* About this exercise
Only an exact copy of the lines from the one containing "this 640×480 image." through the last line of the material below belongs in the answer, with no pictures.
■ ■ ■ ■
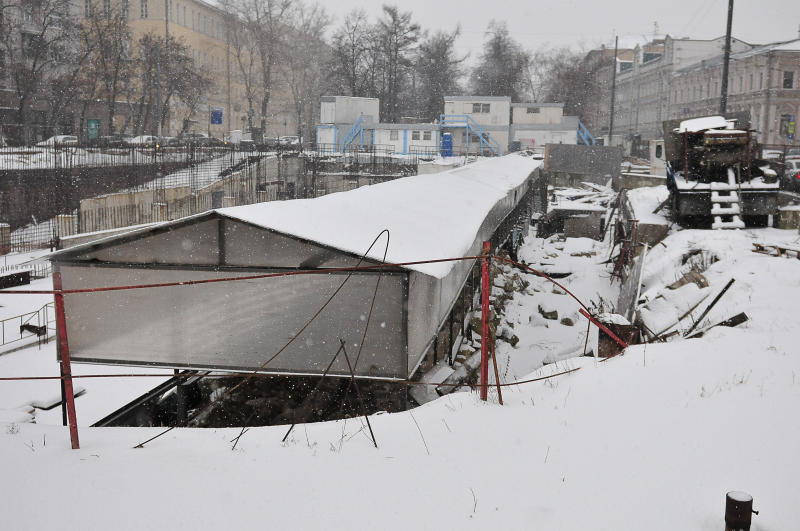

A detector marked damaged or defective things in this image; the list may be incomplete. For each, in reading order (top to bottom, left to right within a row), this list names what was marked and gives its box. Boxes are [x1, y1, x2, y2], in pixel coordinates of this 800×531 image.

rusty metal pole [52, 272, 79, 450]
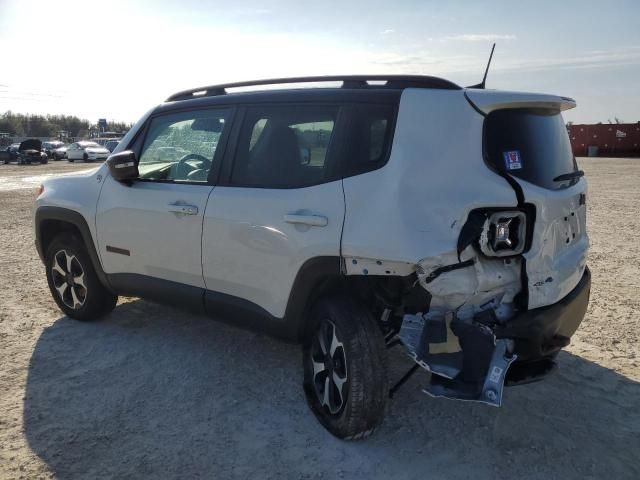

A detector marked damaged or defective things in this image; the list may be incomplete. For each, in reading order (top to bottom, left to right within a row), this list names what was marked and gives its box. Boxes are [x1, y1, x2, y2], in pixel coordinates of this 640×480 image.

rear collision damage [340, 89, 592, 404]
crumpled bumper [400, 266, 592, 404]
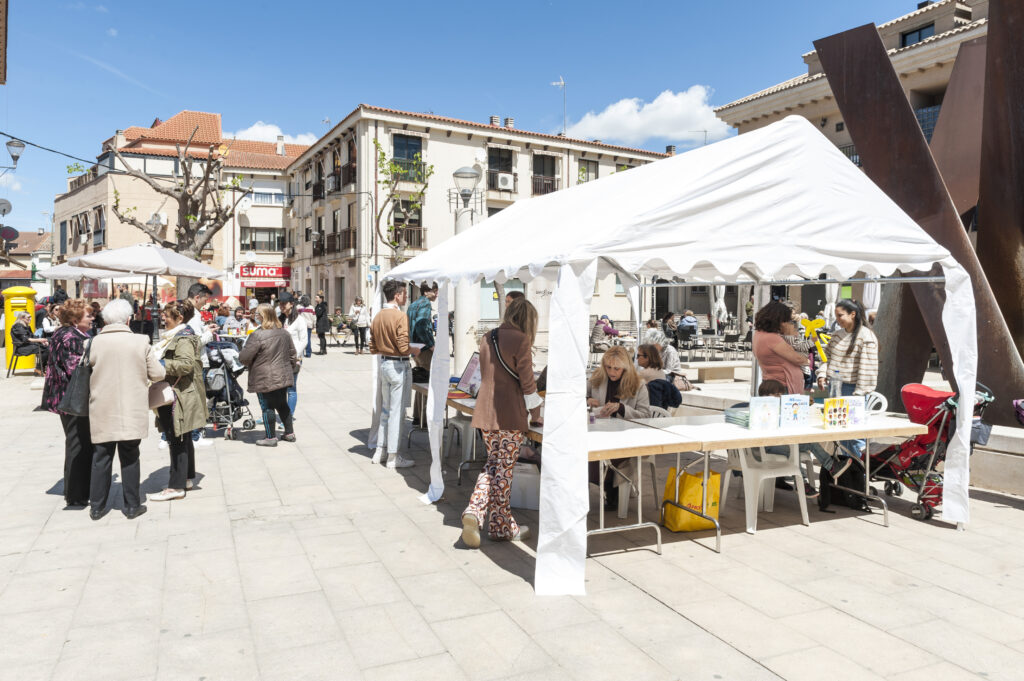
■ ■ ■ ■
* Written solution
A detector marked damaged or defective things in this image; the list may be incomplete. For each, in reading order (top to bottom, left to right within a row), this list names what was marked and gives its box. Boxes are [x1, y1, x2, y2], in pixel coordinates of this 640×480 image.

rear collision damage [340, 89, 592, 404]
crumpled bumper [400, 266, 592, 404]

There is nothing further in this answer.